In this blog we will review how to set up a self-hosted integration runtime in Azure Purview and demonstrate how to use it in setting up a scan for an on-prem SQL Server.
Background on Self-Hosted Integration Runtimes
The Integration Runtime (IR) is compute infrastructure used by Azure Data Factory to provide data integration capabilities across different network environments. You can set a linked service which defines a target data store or a compute service along with a defined activity. The IR is the bridge between the activity and linked service and provides the compute environment where the activity either runs on or gets dispatched from. There are several types of Integration Runtime (IR) but we will be focusing on Self-hosted integration runtimes.
First navigate to the Management Center in the Purview Studio and select Integration Runtimes.
Select New at the top, select Self-Hosted and press Continue.
Enter the name that you want for the Integration Runtime along with any description you would like to add and click Create.
Then follow the steps for the Manual setup. Make sure to download and install the integration runtime into the self-hosted machine where you want to run it.
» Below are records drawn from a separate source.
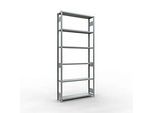 Schulte MULTIplus250 Steckregal, Grundregal, 7 Fachböden, bis 250 kg je Fachboden, werkzeuglos montierbar B 1300 x T 300 x H 3000, silbergrau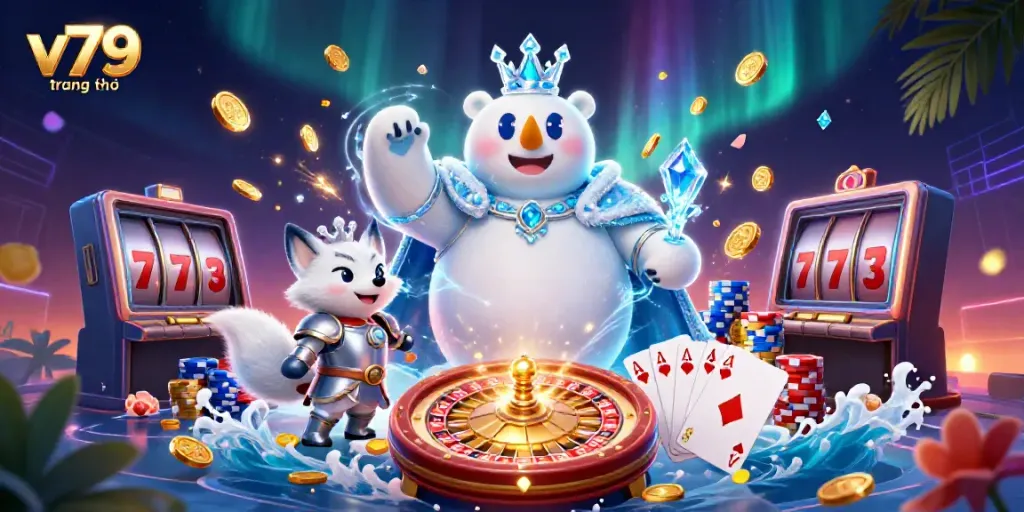 Engage with v79 trang chủ's thrilling gaming experience with polar bear and snow fox in a vibrant casino setting.
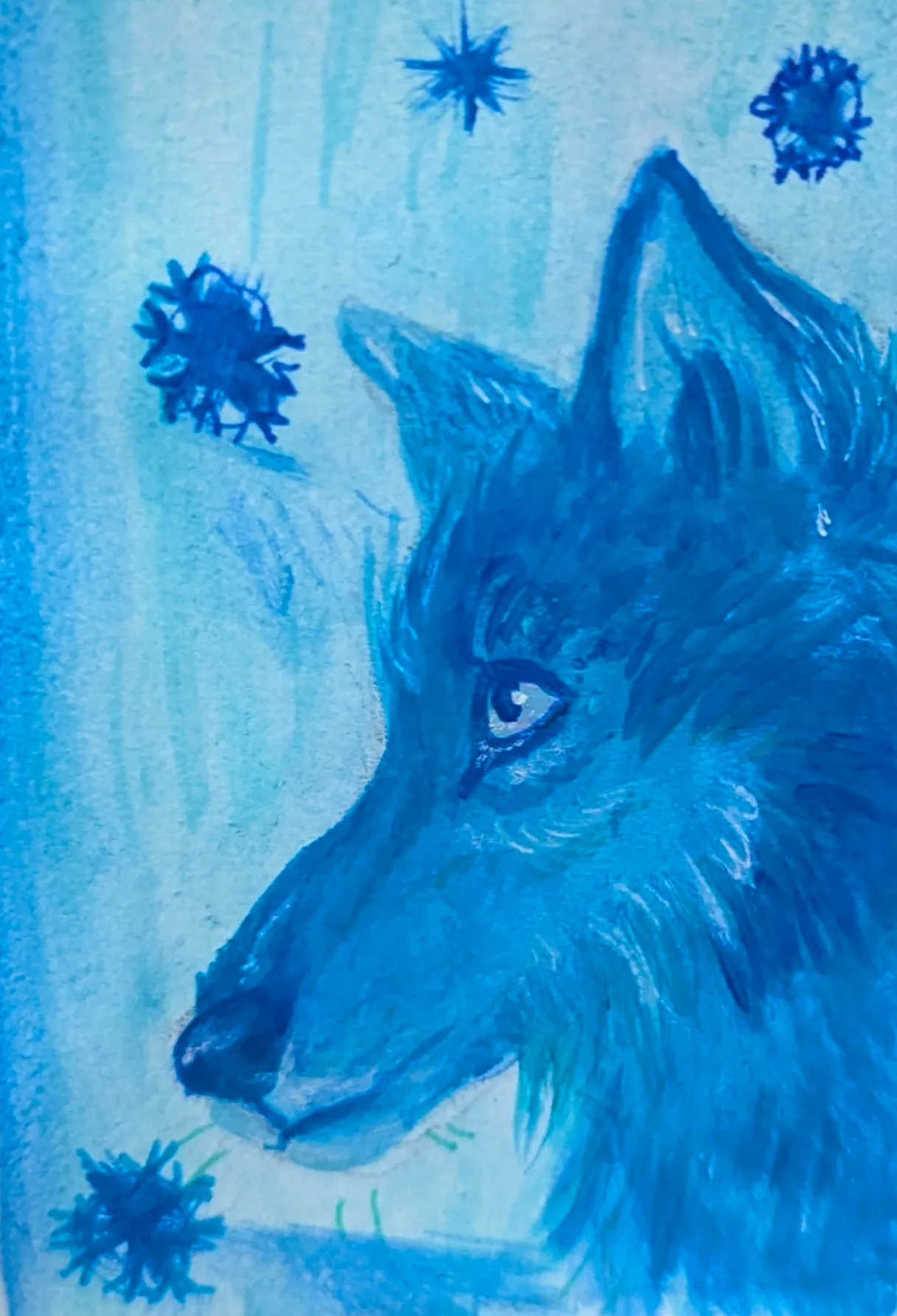 Winter Wolf - winter wildlife wolf animal nature drawing & gouche painting aceo art card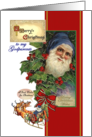 Christmas for Godparents, Vintage Santa in Blue, Reindeer Red Bow card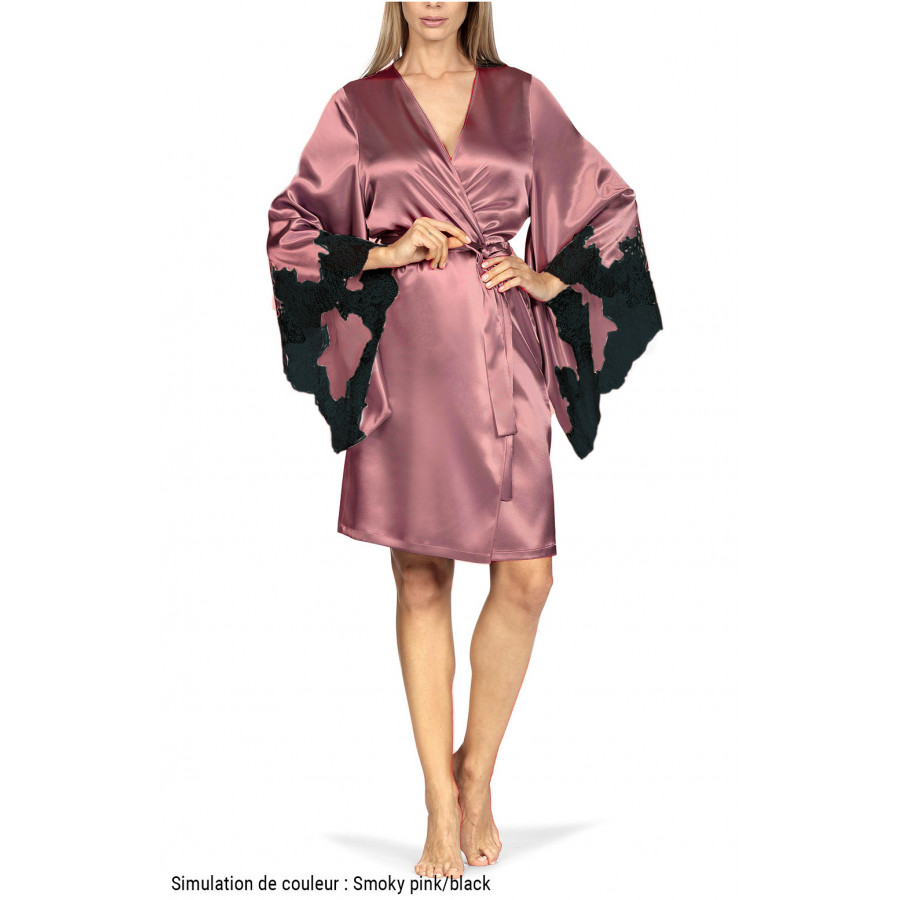 Satin and lace kimono-style robe with long loose-fitting sleeves. Coemi-lingerie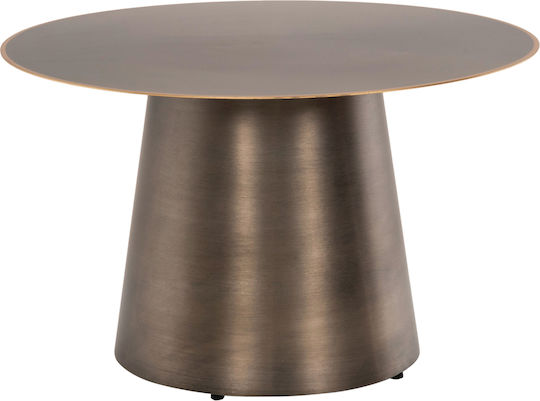 Rundes Zentral Kaffeetisch Metall Silber 2Stücke M80xL80xH41cm
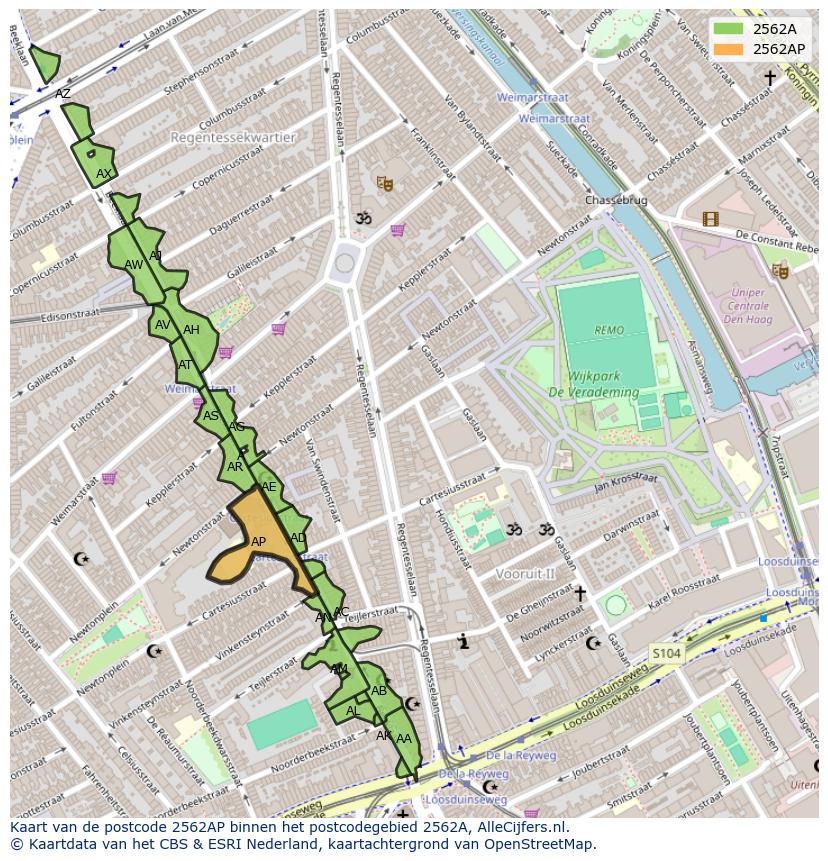 Afbeelding van het postcodegebied 2562 AP op de kaart.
Navigate through the Setup Wizard to install the Integration Runtime
After finishing this you will have to insert the authentication key in step 4 into the input box shown in the image below. You will not need to change the proxy.
After the key is verified, go ahead and register the runtime. Verify the information regarding the node name and click finish.
Now that you have set up the SHIR on-premises, you can use it to bring certain sources into Purview. We will demonstrate this with the scanning of SQL Server on-prem.
Navigate to Azure Purview and Register a SQL Server source
Make sure to enter the name of the source along with the Server endpoint
After this, configure your scan by entering the following information on Scan name, selection of the Integration Runtime we have created from earlier, Server endpoint (which should already be filled in), and the credential for SQL Authentication. Continue through and run through the scan similarly to other sources by selecting the rule sets and recurrences.
Congratulations! You have now set up your Integration Runtime and can scan through SQL Servers and much more!